A few rather crumpled specimens of the legendary Whinberries. Now I’d got these out of my system, or rather into it, I could enjoy the scenery.
Looking up towards Caer Caradoc from the south.
From the ramparts of the hill fort on Caer Caradoc the views are extensive. The next, smaller, whaleback hill to the northeast is The Lawley.
Presumably the Town Brook supplied Church Stretton’s water at some point as it incorporates an interesting old reservoir system.
The woods are full of intriguing structures, I think this is an old ice house.

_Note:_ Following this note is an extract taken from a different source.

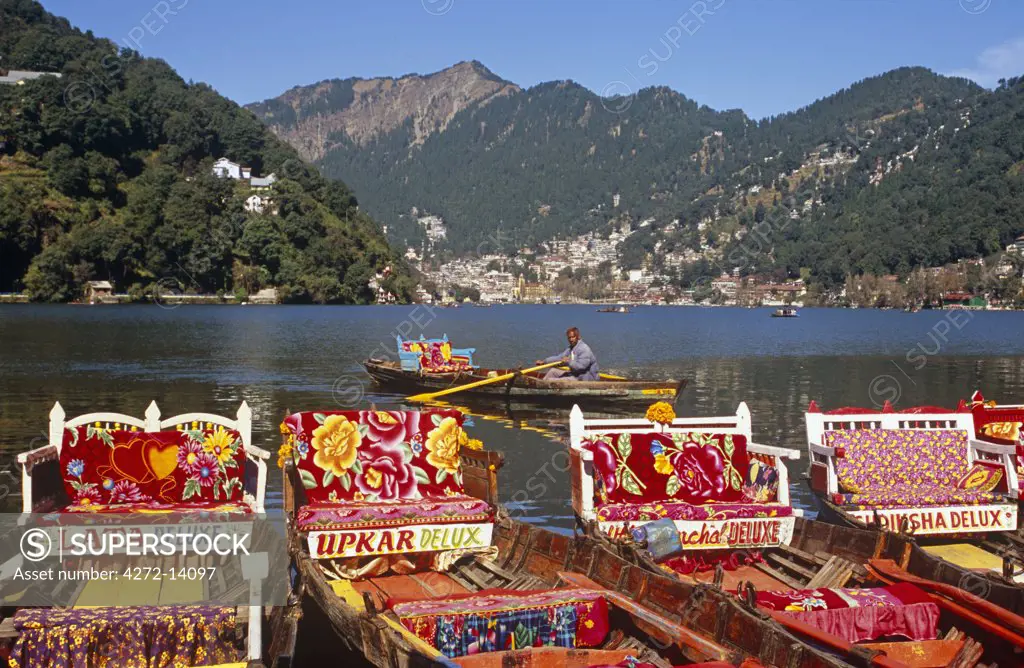 India, Uttarakhand, Nainital. Referred to as the closest Himalayan hill station to Delhi, The is lake cradled between Himalayan foothills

Fidget Pie for lunch – delicious!
Cute coprophiles on Yearlet.
Looking back at Helmeth Hill from Three Fingers Rock at a case study in English upland ecology. On the left, semi-natural. Right: grazed and ‘improved’. Foreground: grazed but unimproved.
Ichneumon extensorius female, unless you know better, resting on my hand at the foot of Caer Caradoc.
Little Stretton from Ragleth Hill, Long Mynd opposite.
The Long Mynd, home of the elusive Whinberry.
Church Stretton from Ragleth Hill, Caer Caradoc Hill behind.
Over a Norman doorway into the interesting church there’s a Sheela-na-Gig. The poor girl is pretty worn and quite hard to see, I’ve fiddled with this photo to make her stand out.
Three Fingers Rock exposes some of the Pre-Cambrian volcanic deposits of differing ages and hardnesses that were tipped and thrust upwards by some unimaginable cataclysm to form Caer Caradoc.
Wild Moor to the northwest is unimaginatively named, especially by Shropshire standards.
The rather steep-sided Ashes Hollow, from Grindle, Yearlet opposite.
The summit of Yearlet, weather closing in.
South Shropshire’s hills have charmingly Tokienesque ancient names. For example, left to right, The Wrekin (distantly on horizon), The Lawley (small), Caer Caradoc, Hope Bowdler Hill, Ragleth Hill, Wenlock Edge (distantly on horizon). Taken from Yearlet (465 m).